Russia made tubes are often Sovtek, never JJ's


----------



## nonreverb (Sep 19, 2006)

Destracted said:


> I posted a picture of them, there is no brand name they just identify as Russian with a logo Im unfamiliar with.
> 
> 1 thing I now realise I didnt notice last night is 1 of them (the same slot as the 1 that red plated...) has a different number on it despite looking otherwise idenical. It says 0314 but the rest are 0251
> View attachment 383564
> ...


Original Svetlana tubes (aka Winged C) before Mike Matthews got a hold of the brand name. Those are well regarded tubes. The numbers are the date codes.


----------



## Latole (Aug 11, 2020)

You are right original tubes are Svetlana


----------



## Destracted (Aug 20, 2021)

Latole said:


> Russia made tubes are often Sovtek, never JJ's


Obviously. I never thought they were. The new tubes are JJs, as pictured previously shown installed in the amp above. You are confusing the old tubes with the replacements but I think ive been pretty clear.


----------



## Destracted (Aug 20, 2021)

nonreverb said:


> Original Svetlana tubes (aka Winged C)before Mike Matthews got a hold of the brand name. Those are well regarded tubes. The numbers are the date codes.


Great, if they are just date codes then that seems fine. It sounds like a bad tube. Ive contacted the seller on Ebay and will look to return them. They were a sealed, matched quad as advertised but my guess is one took damage during shipping or sometime after they were matched and packaged at Apex.

I appreciate all the help with troubleshooting guys, thanks a bunch.


----------



## Paul Running (Apr 12, 2020)

Destracted said:


> I checked the bias before pulling them and both sides were a steady .081.

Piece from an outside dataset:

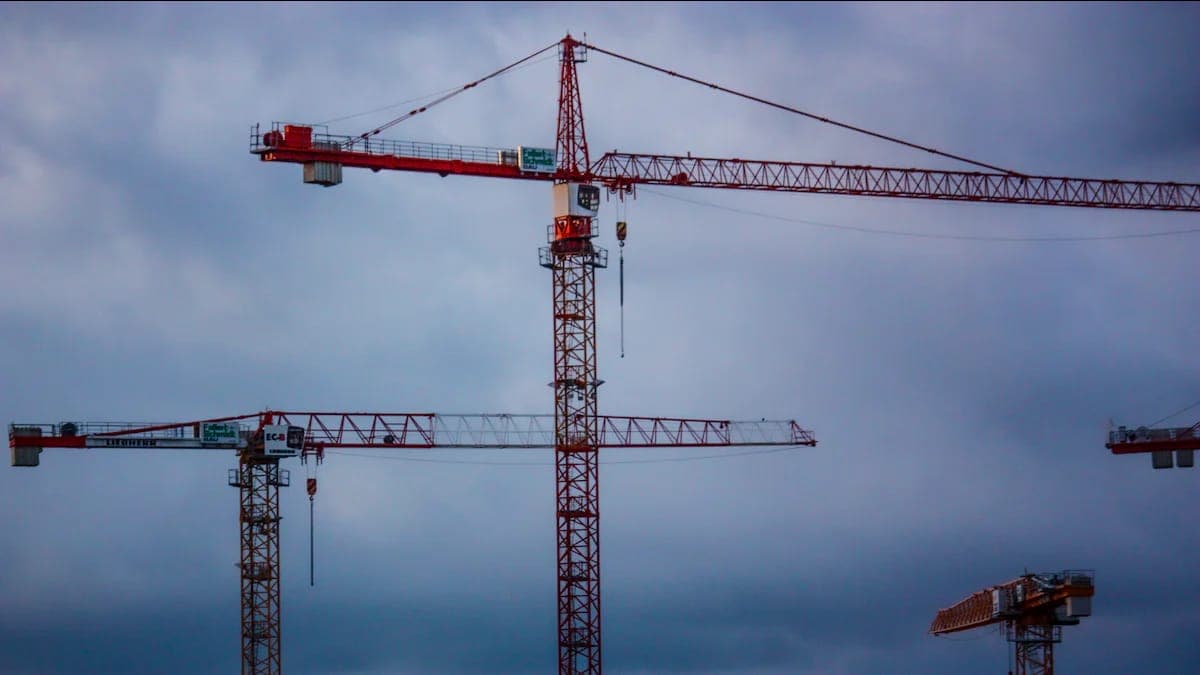 Construction site with building materials and crane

You were probably measuring .081VDC, 40mA each tube. The schematic indicates that both tubes on each side, share one resistor....081VDC across 1Ω equates to 81mA, plate + screen current, for 2 tubes. A more accurate method is to use a bias meter which measures strictly the plate current for each individual tube. When purchasing output tubes for your amp, because it uses a quad, you may wish to buy them in sets of 8, octal matched-set. The excerpt from the schematic below, indicates the cathode circuitry, high-lighted in yellow....what you are measuring at the test points with your DVM.









I've attached the complete schematic.


----------



## Paul Running (Apr 12, 2020)

An adapter for measuring plate current of common octal amp tubes:


----------



## Destracted (Aug 20, 2021)

The seller has told me he will send me a replacement tube. I sent him tbe info on the label so hopefully it will match.


----------



## player99 (Sep 5, 2019)

Did I miss you put the old tubes back and it worked?


----------



## Destracted (Aug 20, 2021)

player99 said:


> Did I miss you put the old tubes back and it worked?

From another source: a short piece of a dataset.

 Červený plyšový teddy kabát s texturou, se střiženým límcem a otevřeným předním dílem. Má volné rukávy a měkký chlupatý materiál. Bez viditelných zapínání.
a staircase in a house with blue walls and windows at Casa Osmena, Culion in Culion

No, I put them back in but I wont have a replacement HT fuse until tuesday when it shows up from amazon. Further I would hope the blown fuse would have prevented any greater damage and that my amp still works. It still lights up and all switches still function. It seems a given that its a bad tube at this point, I dont think a likely alternate conclusion has been put forward but who knows I guess.
The seller has now asked me to send the EL34s back to him and he will replace all 4 with a matched quad. I will update the thread as it plays out. Thanks again to everyone for their time and interest.


----------



## nonreverb (Sep 19, 2006)

Destracted said:


> No, I put them back in but I wont have a replacement HT fuse until tuesday when it shows up from amazon. Further I would hope the blown fuse would have prevented any greater damage and that my amp still works. It still lights up and all switches still function. It seems a given that its a bad tube at this point, I dont think a likely alternate conclusion has been put forward but who knows I guess.
> The seller has now asked me to send the EL34s back to him and he will replace all 4 with a matched quad. I will update the thread as it plays out. Thanks again to everyone for their time and interest.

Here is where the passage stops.